Just about the same time the white smoke was going up in Rome announcing the election of a new pope, a triumphant cry rose from a scientific meeting 500 miles away: Habemus Higgs boson!
At a conference in the town of La Thuile, located near the Italian border with France, scientists from the European Center for Nuclear Research (CERN) said that the latest data culled from the Large Hadron Collider strongly indicate that researchers indeed discovered the Higgs boson last July.
But the book is not 100 percent closed.
“It remains an open question, however, whether this is the Higgs boson of the Standard Model of particle physics, or possibly the lightest of several bosons predicted in some theories that go beyond the Standard Model,” CERN said in a statement. “Finding the answer to this question will take time.”
The Higgs boson was first proposed as a theoretical particle in the 1960s as an answer to the question of why other subatomic particles have mass, and why electromagnetic force has a much longer range than the weak nuclear force, which is responsible for radioactive decay. The Higgs boson, sometimes nicknamed “the God particle,” is thought to be a particle with no spin or electric charge.
Researchers aligned with two of the biggest detectors at CERN, ATLAS and CMS have been sifting through measurements for the Higgs candidate, seeing if it behaves according to theoretical predictions. Most of the data indicates that the particle has no spin, and that its mirror image behaves the way it ought to, according to the Standard Model of physics.
“The preliminary results with the full 2012 data set are magnificent and to me it is clear that we are dealing with a Higgs boson, though we still have a long way to go to know what kind of Higgs boson it is,” CMS spokesperson Joe Incandela said in a statement.
To further confirm that the particle really is the Higgs boson, scientists at CERN have to measure the rate at which the boson decays into other subatomic particles.
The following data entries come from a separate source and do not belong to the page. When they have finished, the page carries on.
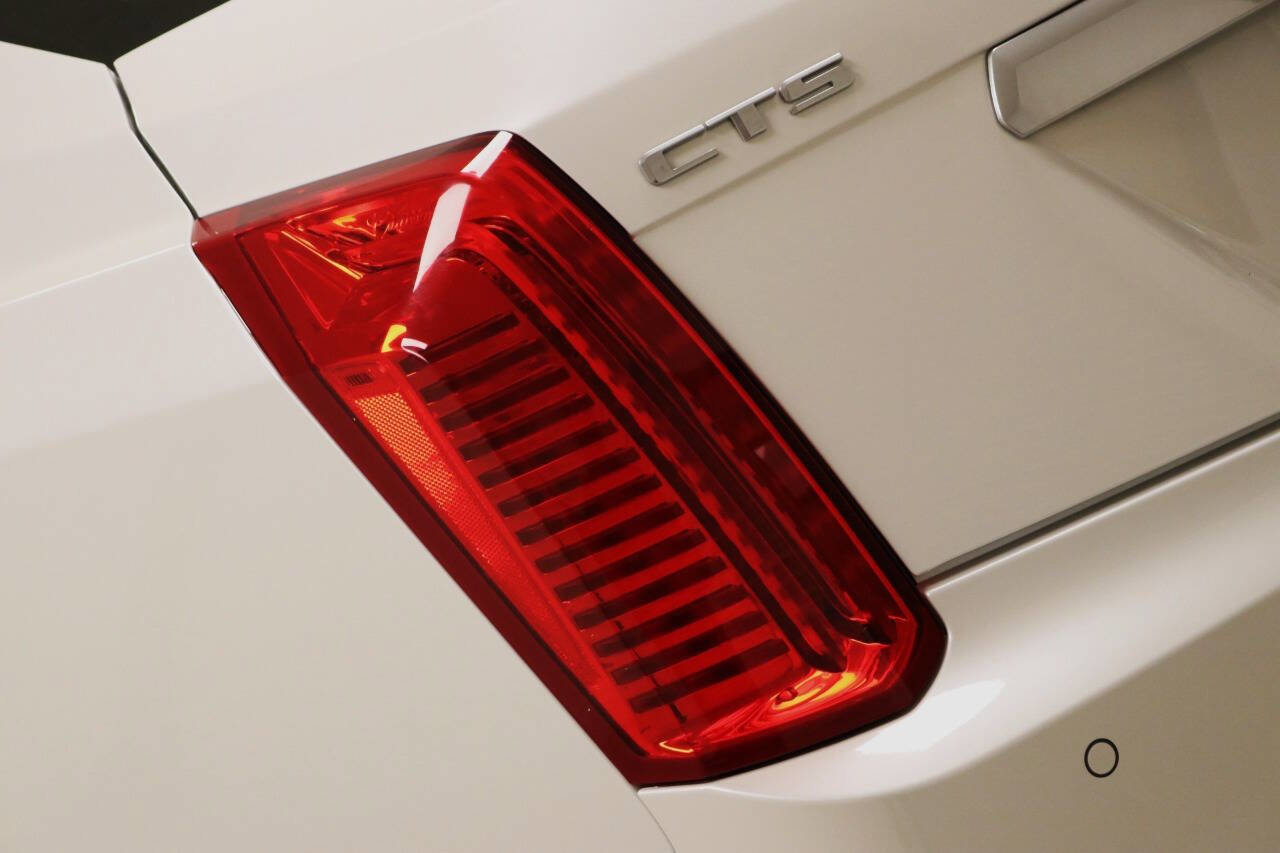 Used 2019 Cadillac CTS Luxury image 90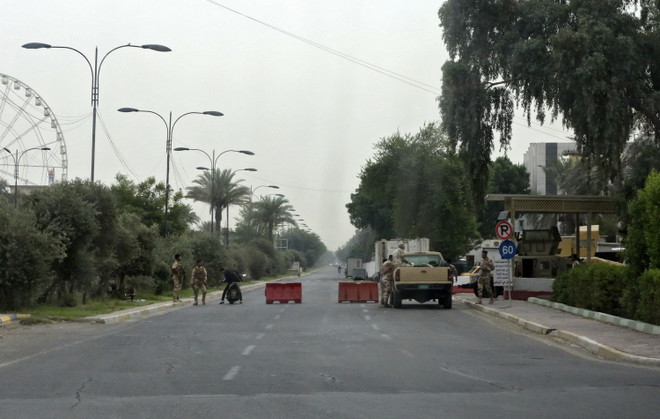 Lực lượng an ninh Iraq gác gần Vùng Xanh ở thủ đô Baghdad. (Ảnh: AFP/TTXVN) Việt Nam ủng hộ nỗ lực hỗ trợ Iraq giải quyết các thách thức ảnh 1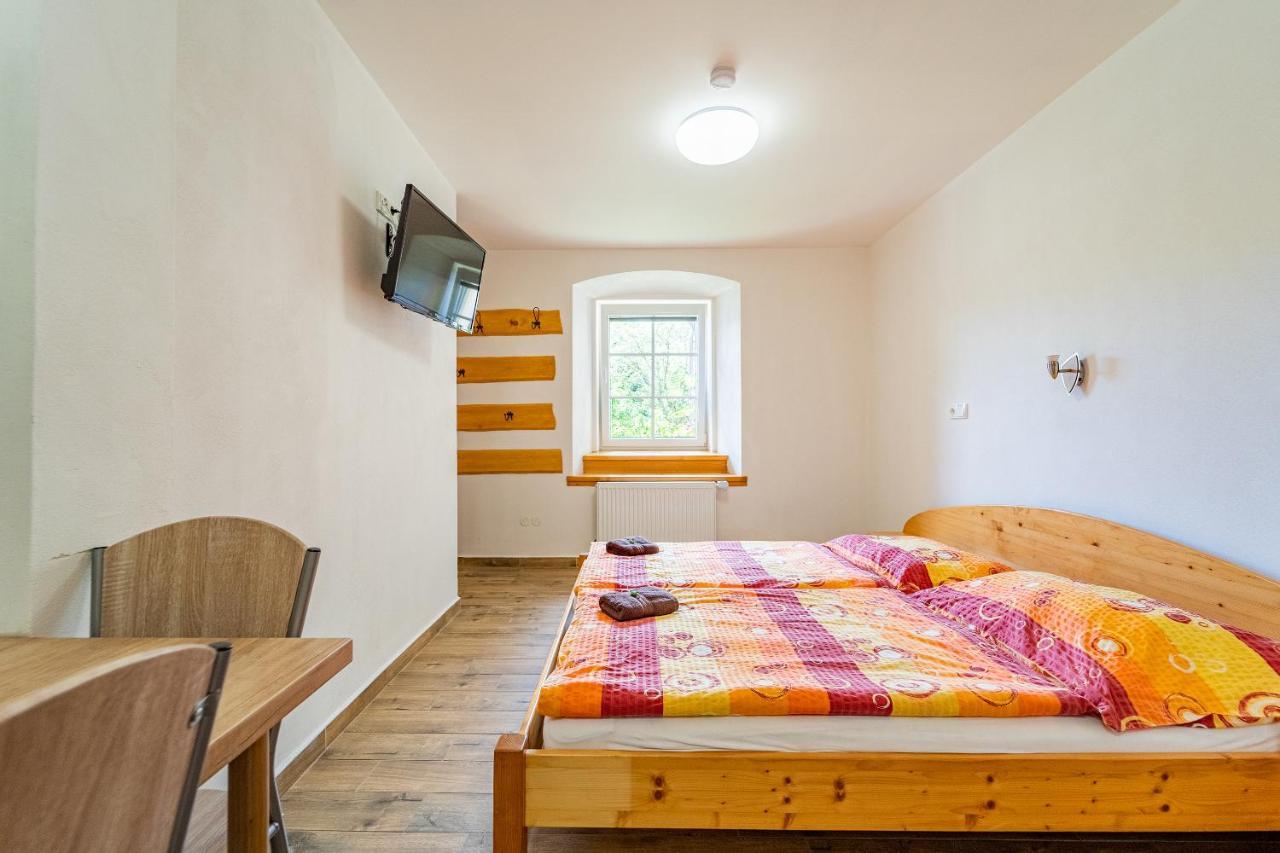 Family Apartments V Zatisi Dolni Morava Ngoại thất bức ảnh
Since it takes about 1 trillion proton-proton collisions on average to even detect the particle likely to be Higgs, locking it down will still take more time and data.
Even if the candidate particle is confirmed to be the Higgs boson, it’s not the end of the story.
“While the Higgs boson discovery provides an explanation of where mass comes from, what it does not explain is how those values of mass are generated,” College of William & Mary physicist Marc Sher said back in July.
The Higgs boson is thought to generate an invisible field known as, appropriately enough, the Higgs field. Subatomic particles like protons and electrons gain mass by interacting with this field, but it's still not clear why certain kinds of particles interact differently, resulting in different masses.
In February, the LHC went offline to prepare for two years of upgrading work. When the collider boots back up in 2015, its power will nearly be doubled. But the hordes of scientists working at CERN aren’t going on vacation – they’ll still be sifting through reams and reams of data collected over the past three years.
“It’s absolutely not time off,” Dave Charlton, the deputy spokesman for ATLAS, told Nature in February.